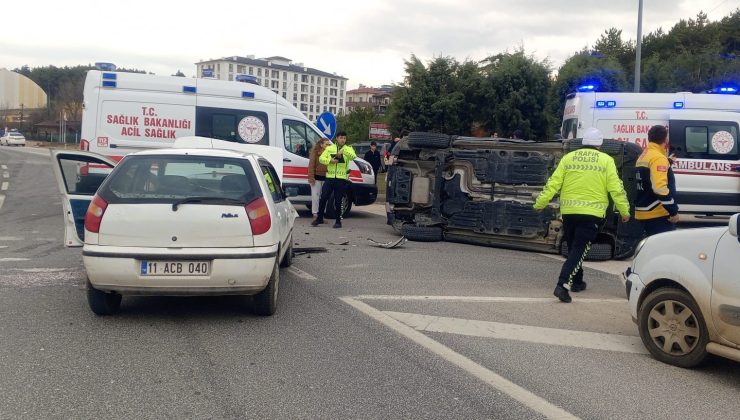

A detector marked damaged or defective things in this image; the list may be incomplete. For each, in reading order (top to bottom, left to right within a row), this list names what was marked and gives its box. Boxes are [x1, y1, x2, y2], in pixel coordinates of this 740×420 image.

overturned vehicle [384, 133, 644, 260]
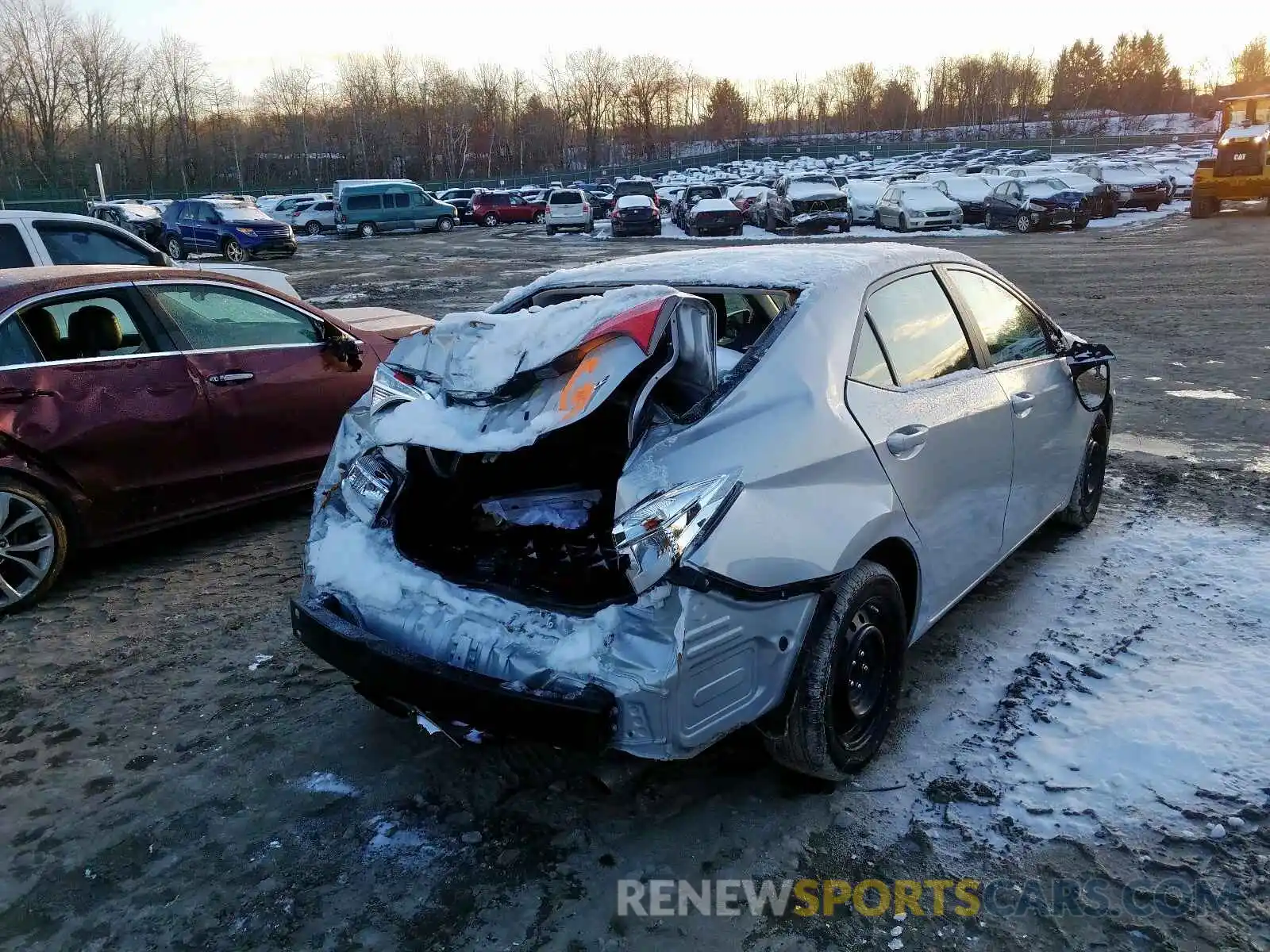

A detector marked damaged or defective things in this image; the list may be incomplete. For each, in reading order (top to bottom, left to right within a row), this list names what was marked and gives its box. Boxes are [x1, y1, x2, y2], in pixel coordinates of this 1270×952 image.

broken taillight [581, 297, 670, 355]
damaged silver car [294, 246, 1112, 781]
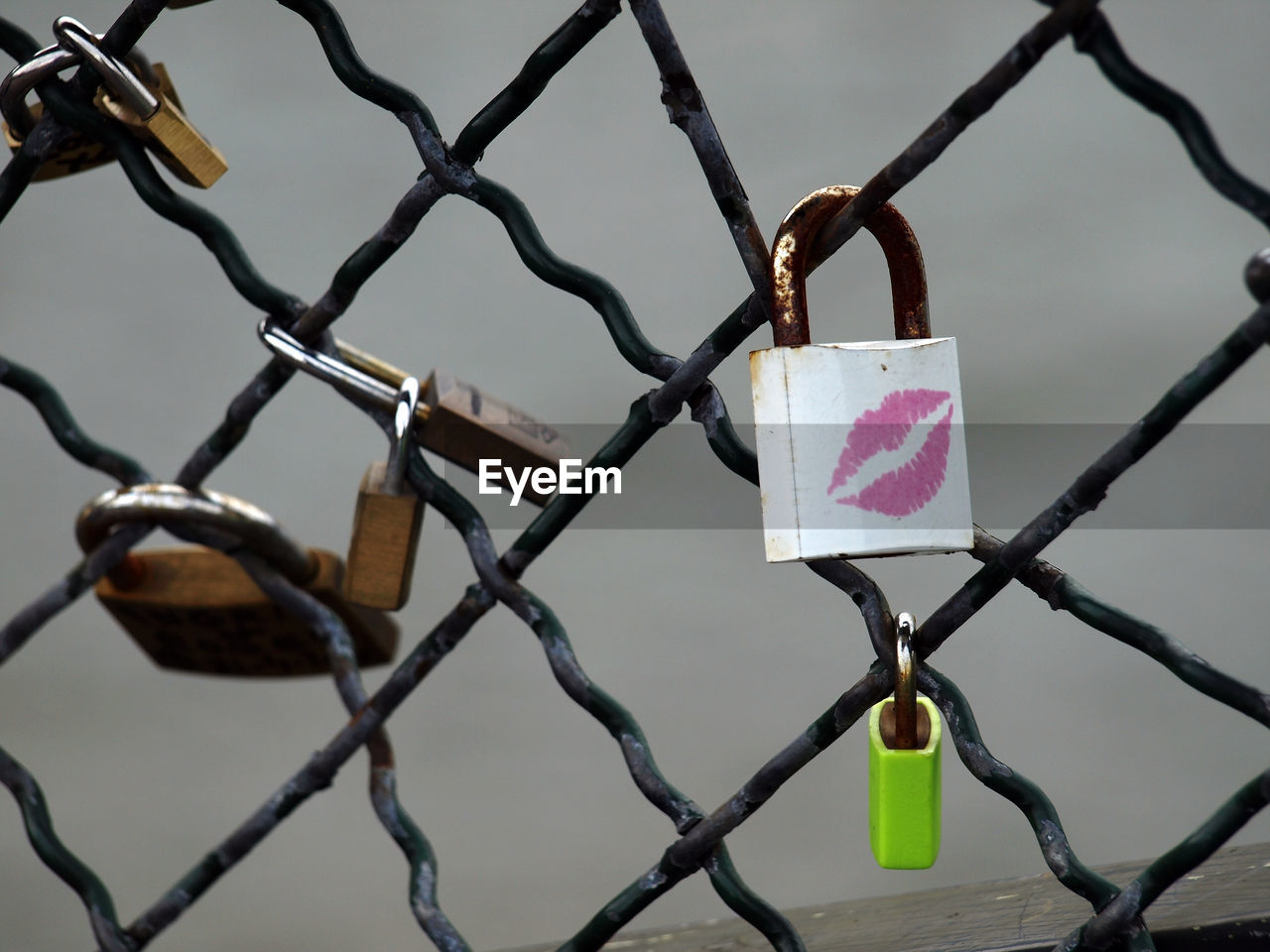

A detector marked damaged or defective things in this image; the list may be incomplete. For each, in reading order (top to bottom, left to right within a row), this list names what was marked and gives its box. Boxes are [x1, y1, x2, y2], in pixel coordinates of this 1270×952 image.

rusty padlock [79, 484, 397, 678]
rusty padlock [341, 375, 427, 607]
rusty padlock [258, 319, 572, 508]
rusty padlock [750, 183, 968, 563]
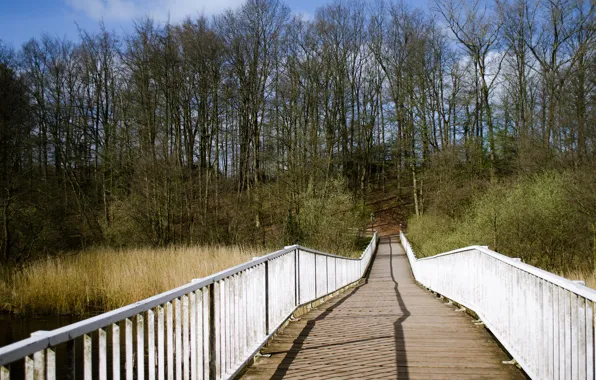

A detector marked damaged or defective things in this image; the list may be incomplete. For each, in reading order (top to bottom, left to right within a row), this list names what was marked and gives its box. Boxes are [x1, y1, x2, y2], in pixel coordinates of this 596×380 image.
****************************************
* **What the task asks**:
Without including any picture, reproduce the material above word for word.

* **Answer space**:
A detector marked damaged or defective things in this image; the list may be incomplete. For each, in reading order (top to bottom, left to right within a row), this list names what was marked and gives its box. Boxes are [x1, y1, x2, y2], in pixel coordinates of this 740×420 image.

overturned vehicle [384, 133, 644, 260]

A detector marked damaged or defective things in this image; the list may be incomplete. For each, in reading order (top to bottom, left to right within a row), this list names what was marked and gives its box. Boxes are [x1, y1, x2, y2], in pixel coordinates of this 1270×952 image.

broken taillight [581, 297, 670, 355]
damaged silver car [294, 246, 1112, 781]

A detector marked damaged or defective things in this image; the list may be incomplete. For each, in reading order (top to bottom, left to right within a row), this list names what was marked and gives its box. Boxes are [x1, y1, x2, y2], in pixel coordinates of this 1270×952 image.

rusty padlock [79, 484, 397, 678]
rusty padlock [341, 375, 427, 607]
rusty padlock [258, 319, 572, 508]
rusty padlock [750, 183, 968, 563]

A detector marked damaged or defective things in this image; the list may be incomplete. For each, in reading order (top to bottom, left to right within a row), this list names what was marked and gives its box. Boxes are [x1, y1, x2, y2], in pixel coordinates of this 596×380 image.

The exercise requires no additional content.